# [EXERCISE DIRECTIONS]
Pictures excluded, output exactly the lines from the one containing "Private dining room" through the last line of the listing below.

# [DATASET CONTENT]
******************************
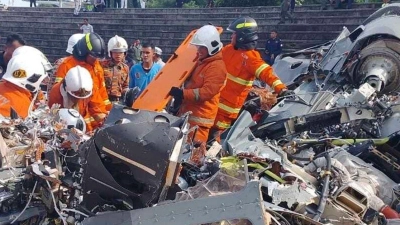 Rettungsdienst und Feuerwehr inspizieren die Absturzstelle. (Foto: Terence Tan/Fire & Rescue Department of Malaysia/AP/dpa)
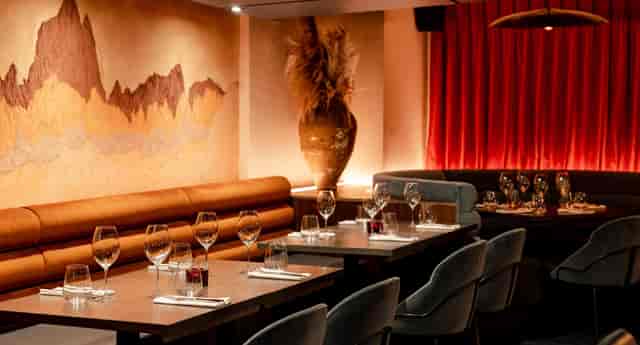 Private dining room with banquette seating for executive dinners and networking events.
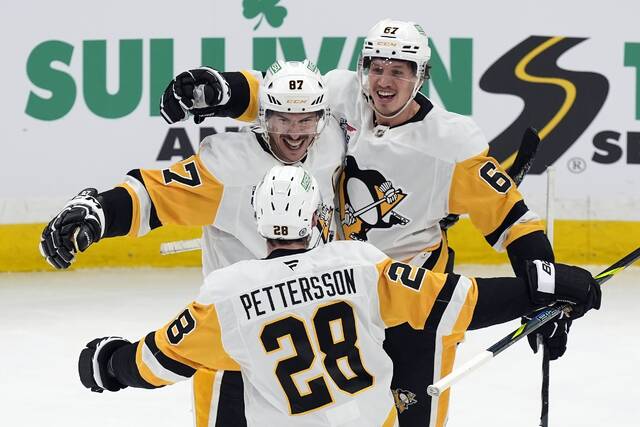 The Penguins’ Rickard Rakell (center) celebrates after his goal with Sidney Crosby (right) and Marcus Pettersson during the second period Friday, Nov. 29, 2024.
******************************
# [EXPECTED ANSWER]
 Private dining room with banquette seating for executive dinners and networking events.
 The Penguins’ Rickard Rakell (center) celebrates after his goal with Sidney Crosby (right) and Marcus Pettersson during the second period Friday, Nov. 29, 2024.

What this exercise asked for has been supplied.